(Beginning of Material supplied)

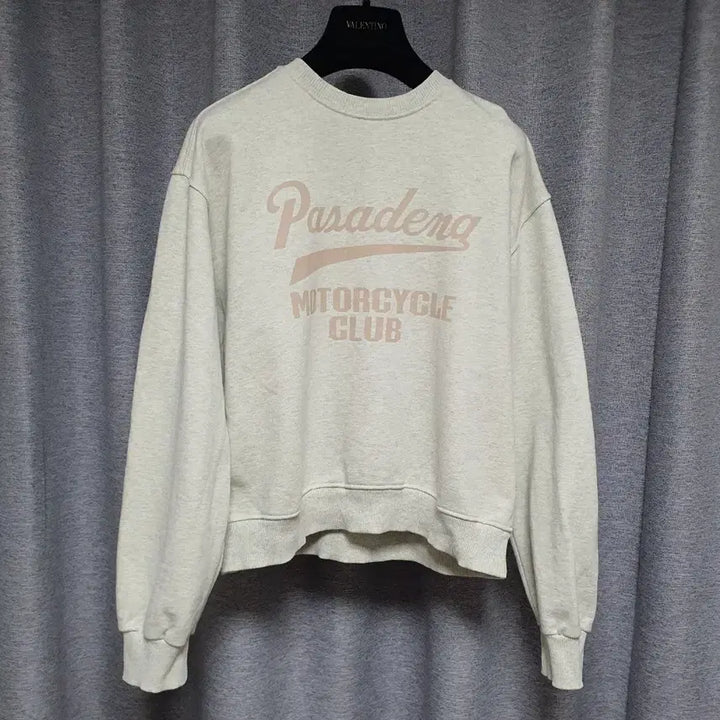 [BUNJANG] LOL Pasaneada Women&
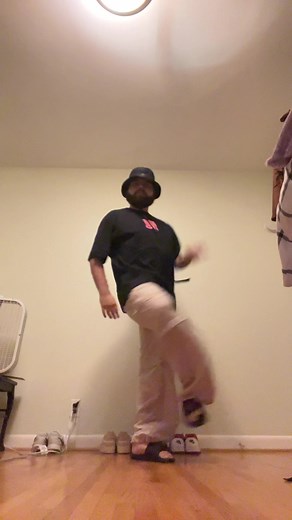 Pasen canciones cool para bailar #danza #bailarin #mariocansau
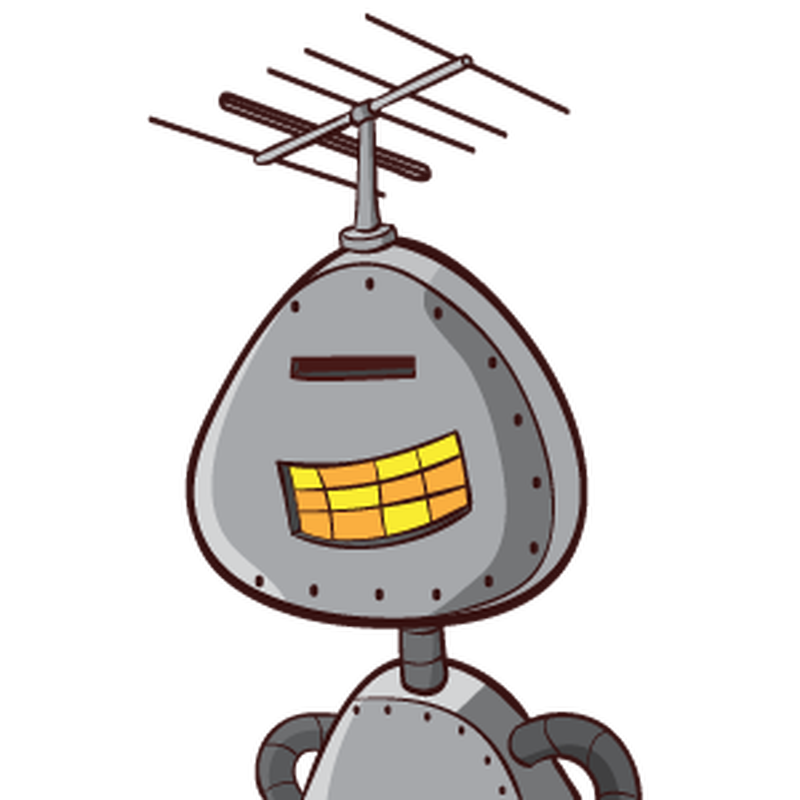 دليل الأعضاء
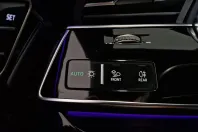 Audi Q8 din 2024 cu 15.631 km - oferta AUD129730 - foto 19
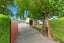 9 Amyes Road, Hornby, Christchurch - Carousel 1
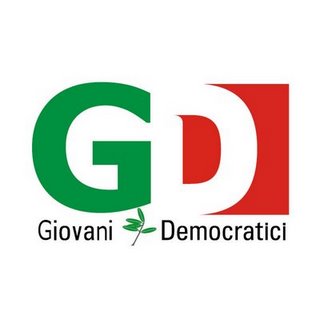 Niccolò Guicciardini eletto segretario provinciale dei Giovani democratici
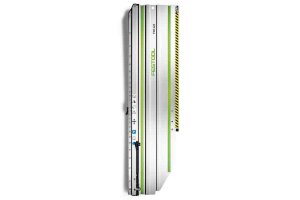Торцовочная шина-направляющая линейка Festool FSK 250 (769941)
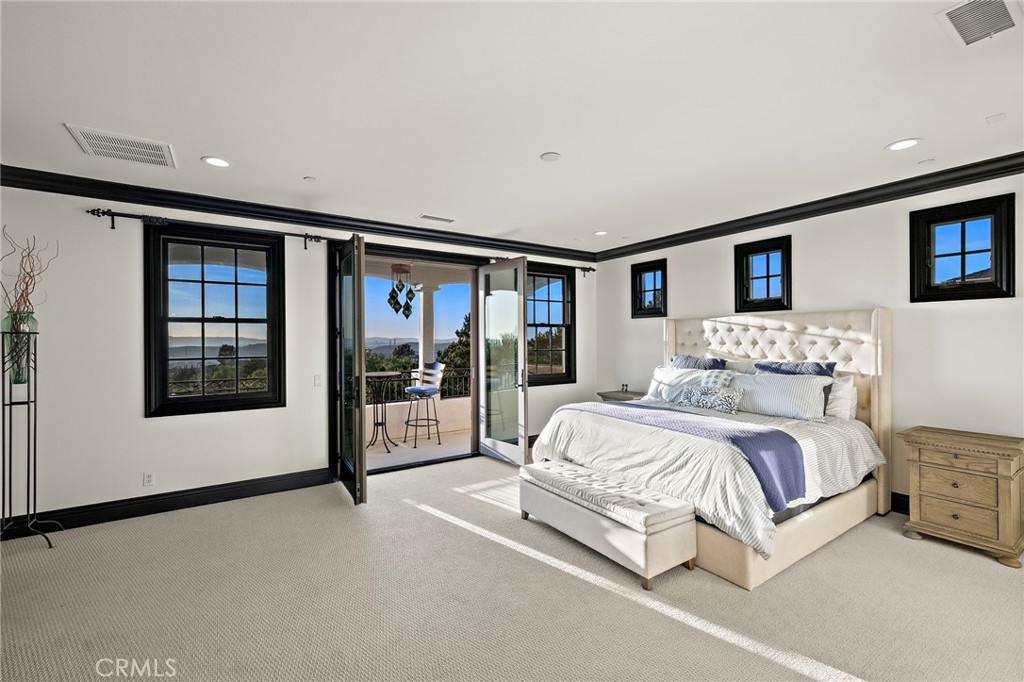 2 Galaxy Isle Ladera Ranch, CA 92694 - Photo 33 of 70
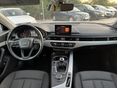 AUDI A4 2018/6 - 12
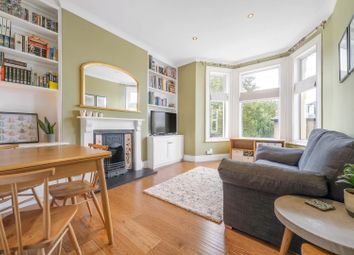 Thumbnail 2 bed flat for sale in St. Faiths Road, London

(End of Material supplied)

Task prompt
Nothing but the lines from the line containing "AUDI A4 2018/6 - 12" to the end of the records above should be repeated, exactly and with every picture omitted.

Result for this exercise
 AUDI A4 2018/6 - 12
 Thumbnail 2 bed flat for sale in St. Faiths Road, London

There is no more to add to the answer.